天野 翔のうた日記

俳句はユーモアを基本に自然の機微を、短歌は宇宙の不思議と生命の哀しさを詠いたい。

身体の部分を詠むー髪(8/13)

  涙拭(ぬぐ)ひて逆襲し来る敵兵は髪長き広西学生軍なりき
                      渡辺直己
渡辺直己の代表作で有名。

  吾がまなこ疑ひつつも一すぢの白きをぞ見る君が髪のなかに
                      川田 順
*まだ若い奥さんの髪に、一本の白髪を見つけた時の驚きを詠んだ。少し大げさのようだが。

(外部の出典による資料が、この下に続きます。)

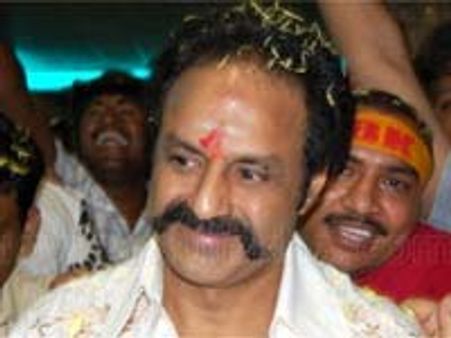 చిరు మాకు పోటీయే కారు: బాలయ్య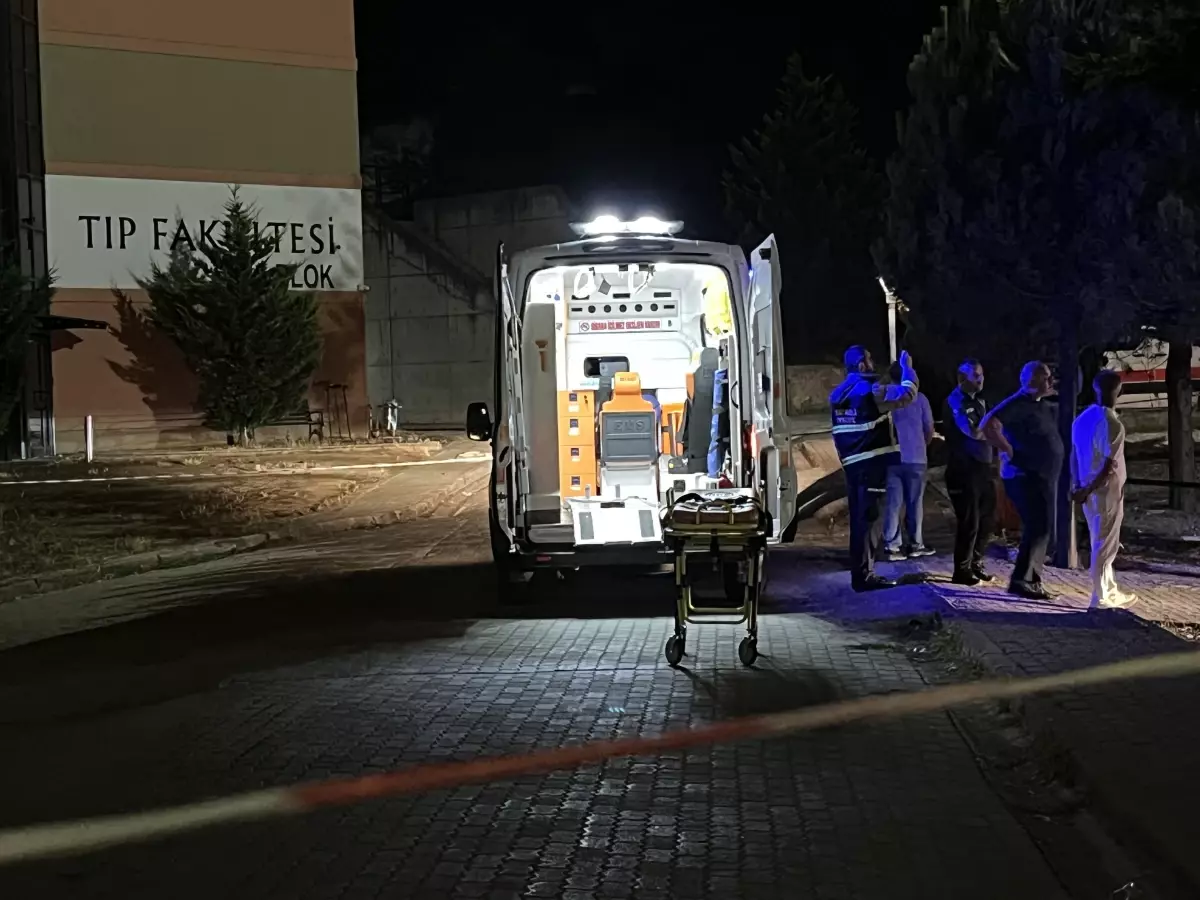 Hastaneden Atlayarak İntihar Etti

  ひさしくて見ればかかげし妹(こ)の髪のやや解け垂りて憎からなくに
                      中村憲吉
  父とともに生きて在る日よ朝光(あさかげ)の床屋にならびて髪を刈らるる
                     窪田章一郎
  髪きつく毮るばかりにさみしくてわれの青銅時代はながし
                     春日井 建
*青銅時代とは、どの時期を指すのか不明。

  一隊をみおろす 夜の構内に三000の髪戦ぎてやまぬ
                      福島泰樹
学生運動華やかなりし頃の情景だろう。

  ゆらゆらと陽に漂へる人参の尾の如き子の下げ髪かなし
                     中城ふみ子
*子の下げ髪を「陽に漂へる人参の尾」と直喩したところが珍しい。